• GIVEN DATA:

-------

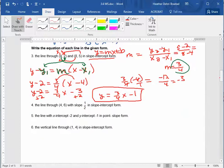Number four already has the slope given and one point, so do it just like number three, except you start with the given slope instead of finding it. Number five gives an x-intercept of negative 2 and a y-intercept of negative 1, and asks for point-slope form.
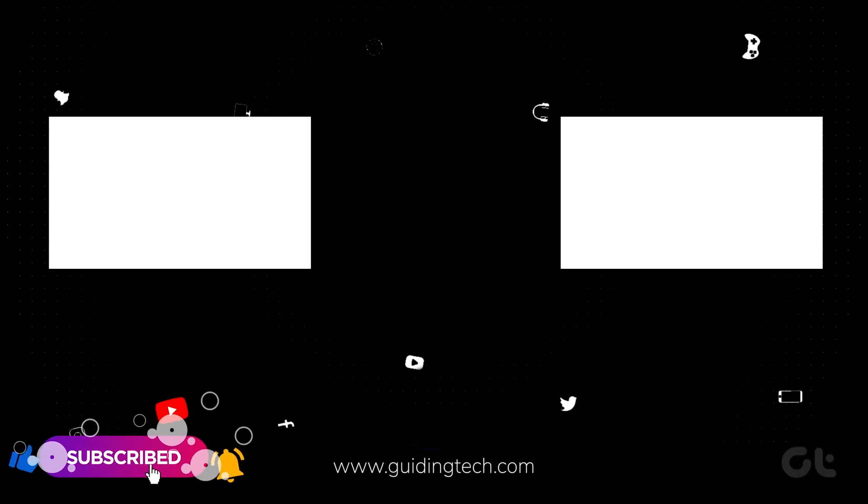For more tech tips and tricks like these, subscribe to Guiding Tech and discover one of these videos, handpicked just for you.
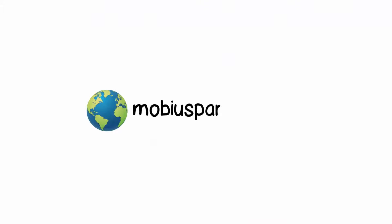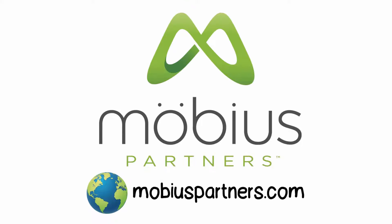If we can help you enable your workforce, please contact us at mobiuspartners.com. Thank you.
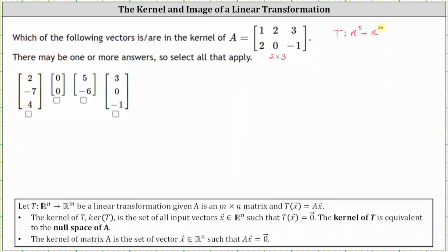Sometimes we're asked to determine the kernel of a transformation, and sometimes we're asked to determine the kernel of a matrix. The kernel of matrix A is the same as the null space of matrix A. Therefore, the kernel of matrix A is the set of all vectors x in Rn such that matrix A times vector x equals the zero vector. Notice the vectors must live in Rn, which in our case should be R three.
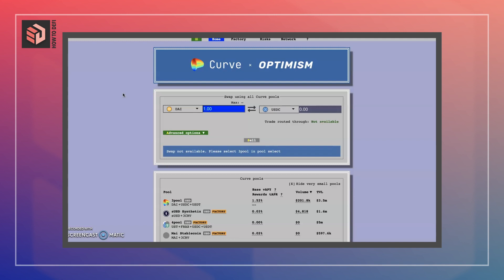Why Optimism? Curve exists on the Ethereum main chain as well, but the gas fees for executing transactions will be pretty high. So especially for smaller swaps, it would make sense to use a scaling solution for Ethereum. Curve exists both on Optimism and on Arbitrum, as well as other scaling solutions and non-Ethereum chains.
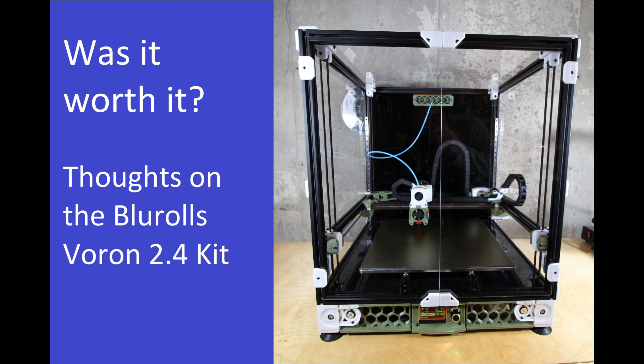Now that the printer is complete, I'd like to share my thoughts on the build and some things I learned along the way.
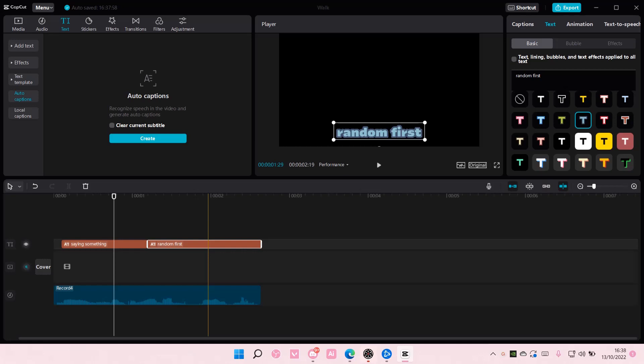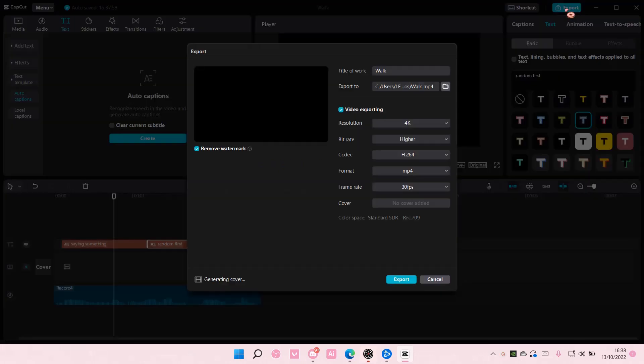Hey guys and welcome back to this channel. In this video I'll be showing you how you can export videos on CapCut without the CapCut watermark. So if I go to export here, as you can see...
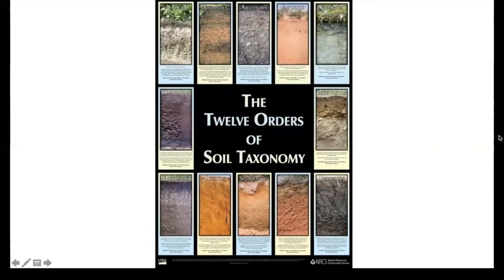The next one is called Andisols. This typically forms from weathering of volcanic material such as ash, and this results in more of a crystalline structure. This material has a high capacity to hold nutrients and water, making the soil very productive and fertile. So this is nice soil to have any agriculture on and grow any type of plants because it has that high water-holding capacity and nutrients as well. They typically occur in areas with high rainfall and cooler temperatures and take up about 1% of the glacier-free land area in the world.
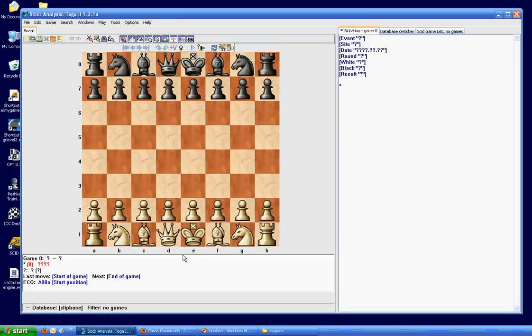Okay, so someone asked me to do a video on how to install a chess engine in SCID. So this is going to be just a very brief tutorial on that. It's very simple.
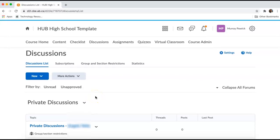As you add new students to your class, they will automatically be placed in the group and have a private discussion forum set up for them that is restricted between you and the student.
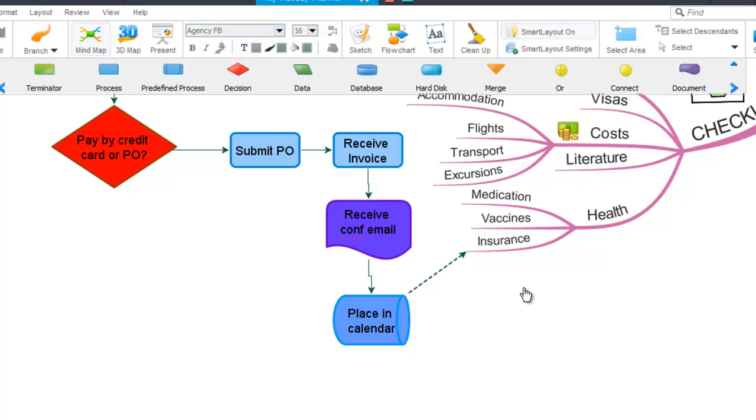You can also add text to connections by simply selecting them and typing the text.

-------

• TASK BRIEF: Starting with the line that has "For more tech" and going on through the line that has "be R three.", transcribe the records above exactly, but skip the pictures.

• RESULT FOR THIS TASK:
For more tech tips and tricks like these, subscribe to Guiding Tech and discover one of these videos, handpicked just for you.
If we can help you enable your workforce, please contact us at mobiuspartners.com. Thank you.
Sometimes we're asked to determine the kernel of a transformation, and sometimes we're asked to determine the kernel of a matrix. The kernel of matrix A is the same as the null space of matrix A. Therefore, the kernel of matrix A is the set of all vectors x in Rn such that matrix A times vector x equals the zero vector. Notice the vectors must live in Rn, which in our case should be R three.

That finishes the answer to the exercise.